Iniziamo un viaggio attraverso i sapori della Spagna: la nostra inviata, Mirella Prandelli, mentre compie il Cammino di Santiago, ci relazione sulle tipicità culinarie della Spagna che incontra lungo il percorso.

Spagna che passione

Fotografia di Mirella Prandelli

Banconi gremiti di sapori, file e file di pietanze accuratamente sistemate, competizioni di creatività culinaria. Questo è solo un assaggio di quello che sono i “pinchos“, come li chiamano nei Paesi Baschi, in Navarra e nella Rioja. Ci tengono molto affinché non li si chiami “tapas” e in effetti hanno ragione. Si tratta di vere e proprie opere d’arte disegnate e costruite su una linea gastronomica che scorre perfettamente tra tradizione e innovazione. Le ricette più tradizionali e folcloristiche riproposte in monoporzioni colorate e gustosissime, belle da vedere e deliziose da mangiare.

Estro culinario e passione!

Quando si parla del Cammino di Santiago, si descrive un percorso intimo, spirituale, all’insegna dell’essenzialità. Dopo due settimane intere sul cammino, passo dopo passo, rettifico ufficialmente: El Camino è, prima di tutto, un viaggio. Fatica e misticismo ne fanno parte, ma si tratta soprattutto della profonda riscoperta della Spagna settentrionale e dei suoi tesori culturali. Tra di essi, certamente spicca l’estro culinario spagnolo. Le specialità locali vanno provate, soprattutto se si arriva da una passeggiata di 30 km: questo anzi ci permette di mangiarne di più, perché più affamati e meno preoccupati per la linea.

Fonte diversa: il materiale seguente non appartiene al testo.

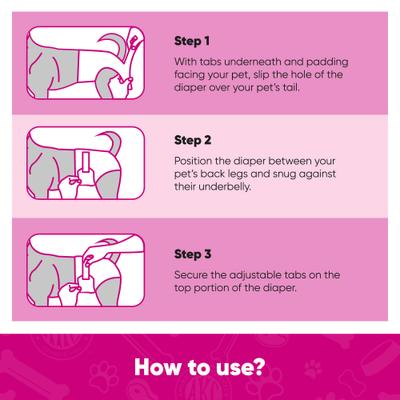 Show full view: American Kennel Club Disposable Female Dog Wraps with Wetness Indicator, 50 count, Small slide 9 of 10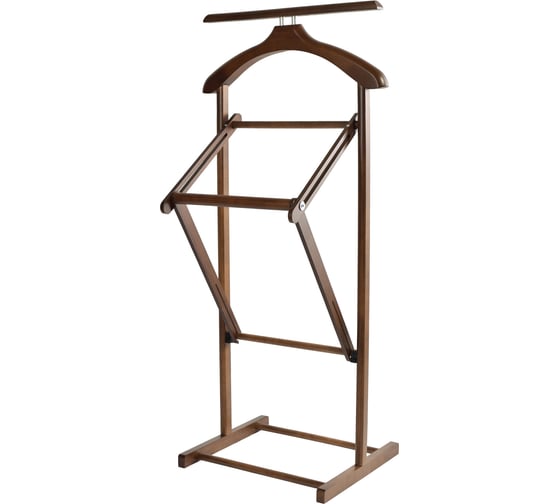 Изображение товара Вешалка костюмная складная Мебелик В 21Н средне-коричневый 9626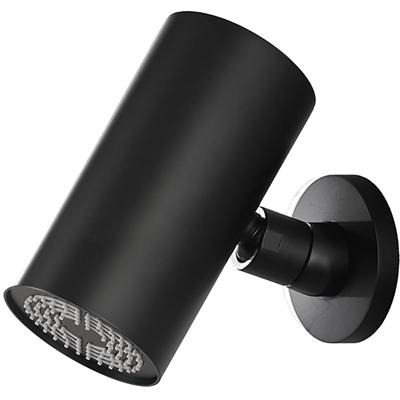 Wiesbaden UniMatch Beam Hoofddouche Rond Mat Zwart - Muurbevestiging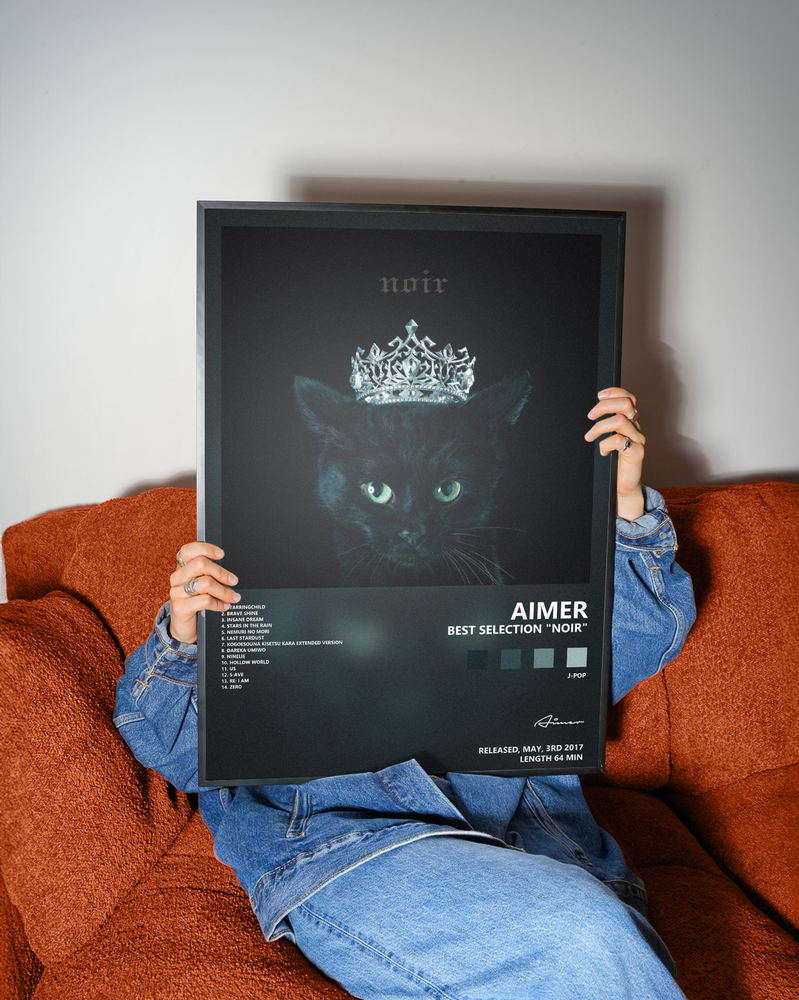Music poster: Aimer - BEST SELECTION noir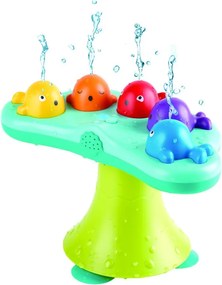Hape - Детска играчка Музикален фонтан с разноцветни китове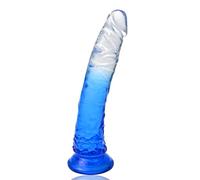 SXOVO Dildo Plug Anale Stimolazione del Punto G Trasparente Vagina Anale Giocattolo Sessuale Universale Masturbatore Maschile e Femminile (XXL)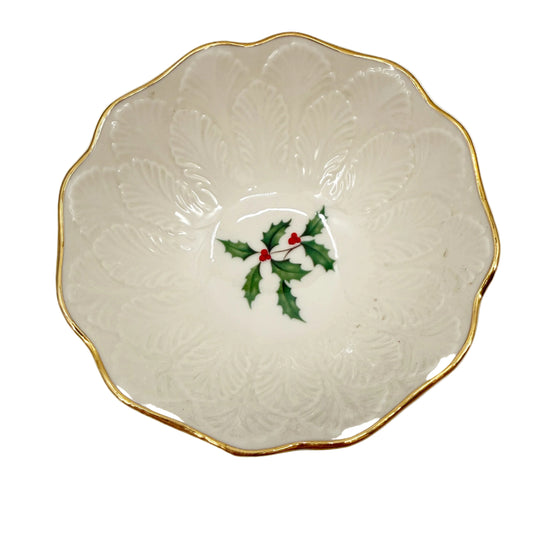 Lenox Holiday Open Candy Dish | Christmas tableware
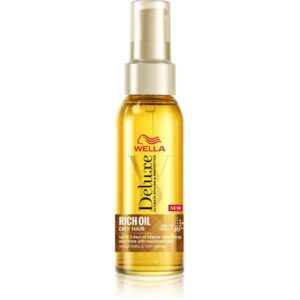 Wella Deluxe Rich Oil ulei hrănitor pentru par uscat 100 ml-Țena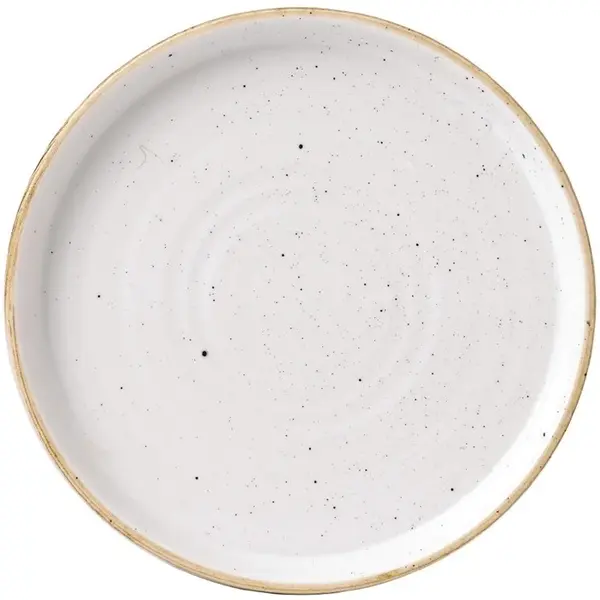 Borden | STONECAST | Keramiek | Wit | 6 Stuks | Ø157x20(h)mm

Credevamo di essere all’avanguardia noi italiani con l’happy hour: vassoi e buffet di pietanze di sicuro gustose, ma in ogni caso già viste o comunque meglio preparate a casa. In Spagna l’aperitivo si fa con i pinchos: si mangiano con le mani ma non è fingerfood; si consumano in gruppo con una birra o del vino prima di cena, ma non sono un aperitivo. Trattasi piuttosto di microcosmi eno-gastronomici attraverso i quali le papille gustative traggono al contempo la soddisfazione di un pasto completo, l’equilibrio del cibo frugale e la varietà di un pranzo di nozze.

Spagna che passione

Fotografia di Mirella Prandelli

Si fa a gara per i “pinchos” qui, soprattutto se si tratta di Navarra e Rioja, territori storicamente e simpaticamente rivali. Si contengono il podio Logroño, Burgos e Pamplona. Dopo aver faticosamente conosciuto le proposte di tutti i concorrenti, ritengo personalmente vincitrice Pamplona. Proprio a Pamplona, mi son fatta consigliare dagli abitanti locali il miglior ristorante di pinchos, vincitore peraltro del titolo 2014: El Gaucho. Vale davvero la pena provarlo.

Intorno alle 19.30 vengono esposte le prime creazioni. Ho cominciato con una croqueje di gamberetti e spinaci, una sorta di pasta sfoglia abbondantemente imburrata e fritta, ripiena di un delicato sposalizio tra il mare e la verdura. Proseguo con del pane fritto guarnito con carpaccio di salmone marinato e insalata russa. Aggiungo della mousse al tartufo servita in bicchiere che contiene, al centro, rosso d’uovo intiepidito al forno e finisce con una tempura di patate e topinambur sulla sommità. Mi avvio al secondo, assaggiando un triangolo di baccalà fritto, immerso in salsa all’avocado e maionese.

E se Pamplona vince per quantità e varietà, il mio premio al miglior pincho va a un capolavoro che ho incontrato a Burgos: due sfoglie friabili e compatte farcite con gamberetti, menta e salsa di more. Nell’attesa di volare in Spagna, vi lascio raccontare dalle fotografie, ciò che a parole sarebbe appena descrivibile.